I'm looking for a regexp that matches any line that contains 'B', 'R', 'A' and 'S' (in any order) at the start. It would match all the following lines, except the last two.

BRASIL
BSRAIL
BARSILERO
BRASILERA
BRASILEÑA
BRASILEÑO
BARBADOS
BOSNIA AND HERZEGOVINA

I tried the following:

^(B|R|A|S){4}.*$
^(?=.*B)(?=.*R)(?=.*A)(?=.*S).*$
^(?=.{4})(?=.*B)(?=.*R)(?=.*A)(?=.*S).*$
^(?=.*B)(?=.*R)(?=.*A)(?=.*S){4}.*$
^(?=.*B){1}(?=.*R){1}(?=.*A){1}(?=.*S){1}.*$

Answer 1

You can use

^([BRAS])(?!\1)([BRAS])(?!\1|\2)([BRAS])(?!\1|\2|\3)([BRAS])
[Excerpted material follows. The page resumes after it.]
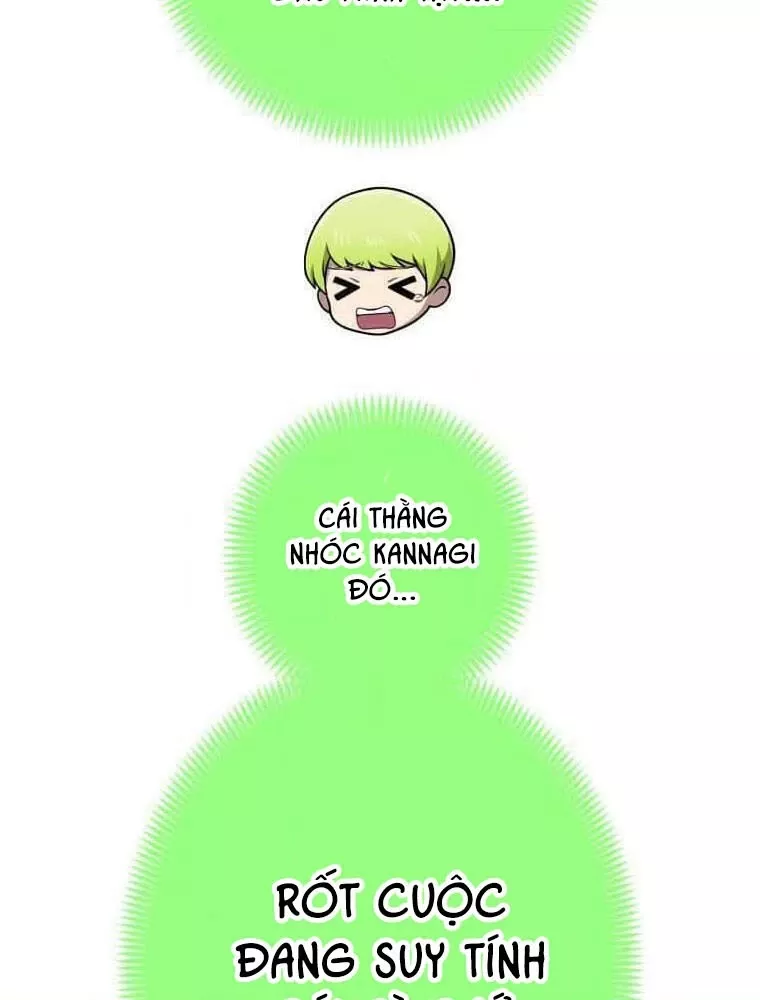 Mình Tao Là Siêu Việt Giả Mạnh Nhất!: Chapter 64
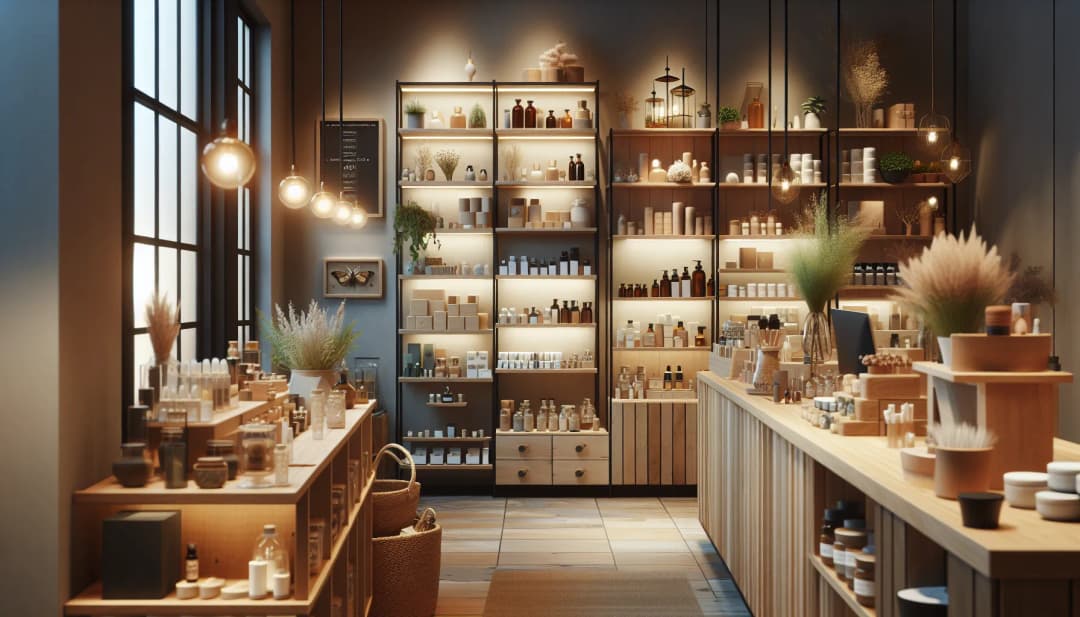 What Are Effective Strategies for Building a Loyal Customer Base?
See the regex demo. Details:

• ^ - start of string
• ([BRAS]) - Group 1: B, R, A or S
• (?!\1)([BRAS]) - Group 2: B, R, A or S but not as in Group 1
• (?!\1|\2)([BRAS]) - Group 3: B, R, A or S but not as in Group 1 and 2
• (?!\1|\2|\3)([BRAS]) - Group 4: B, R, A or S but not as in Group 1, 2 and 3.

Note that when using the pattern with MySQL v.8, you need to double the backslashes:

"^([BRAS])(?!\\1)([BRAS])(?!\\1|\\2)([BRAS])(?!\\1|\\2|\\3)([BRAS])"

Answer 2

There are only 24 permutations :)

^(ABRS|BARS|RABS|ARBS|BRAS|RBAS|RBSA|BRSA|SRBA|RSBA|BSRA|SBRA|SARB|ASRB|RSAB|SRAB|ARSB|RASB|BASR|ABSR|SBAR|BSAR|ASBR|SABR)

You can shorten it a bit by grouping pairs of two:

^((AB|BA)(RS|SR)|(AR|RA)(BS|SB)|(AS|SA)(BR|RB)|(BR|RB)(AS|SA)|(BS|SB)(AR|RA)|(RS|SR)(AB|BA))

Each double pair matches 4 inputs, e.g., (AB|BA)(RS|SR) can match:

ABRS
ABSR
BARS
BASR